"No dia em que morreu Óscar Lopes, a preocupação maior de parte significativa dos portugueses foi o fait-divers da contratação de José Sócrates como comentador político da RTP. Na costumeira «mensagem de pesar»
enviada à família do filólogo e mestre maior da língua pátria, o dr.
Cavaco Silva refere-se-lhe como «historiador», relegando para
segundo plano a sua obra maior como linguista, professor e crítico
literário. Compreende-se: Óscar Lopes foi autor, com António José
Saraiva, da mais importante História da Literatura Portuguesa.
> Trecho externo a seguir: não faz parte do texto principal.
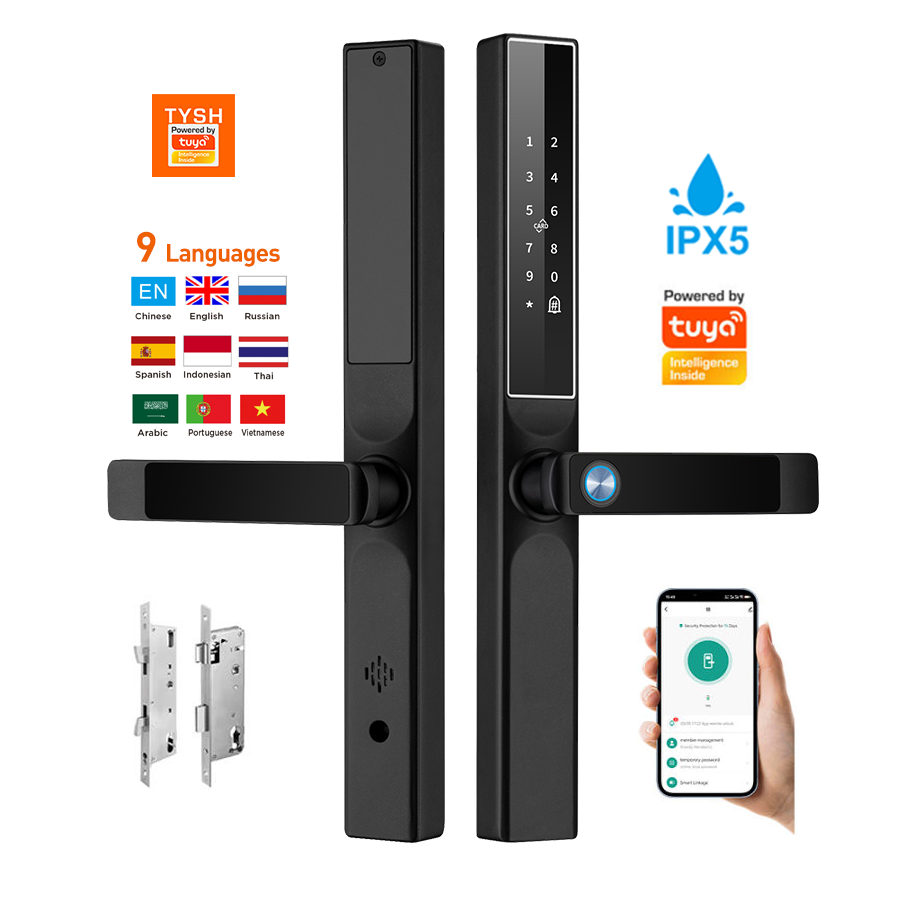 Door Lock Smart Keypad - แอป Tuya ล็อคประตูด้วยลายนิ้วมือ รหัสผ่าน บัตรกุญแจ ล็อคประตูอัจฉริยะ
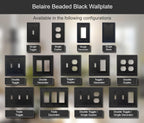 OKAWYC Toggle/Decorator Light Switch Cover Belaire Beaded Metal Wall Plate, 2-Pack Black 2 Gang, for Receptacle Dimmer Switch GFCI Outlet Decorative Wallplate, Durable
Cavaco, com o seu saber wikipédico de leitor de badanas, limitou-se a
somar dois mais dois.O país real, tão inculto como quem o dirige, não deu por nada, é
claro. A populaça mais simples, tal como boa parte da restante, anda
demasiadamente ocupada a exorcizar os fantasmas dos natais
passados e entretém-se a subscrever «petições» e a organizar
autos-de-fé contra a presença do ex-primeiro ministro na pantalha da
televisão pública.Enquanto isso, Passos, Relvas e Gaspar prosseguem alegremente na
senda da destruição metódica dos direitos conquistados nas
últimas quatro décadas. É mais fácil culpar o passado do que lutar
pela transformação do presente. Mesmo que, para isso, se contrariem
os princípios básicos da convivência democrática e se atropelem os
direitos elementares dos cidadãos – todos os cidadãos, mesmo aqueles
de que não gostamos – como é o caso do direito à livre expressão.
Porque, ironicamente, é disso mesmo que se trata. E Sócrates fará
decerto menos mal ao país como comentador da actualidade política
do que como seu protagonista. Mas isso, pelos vistos, importa pouco.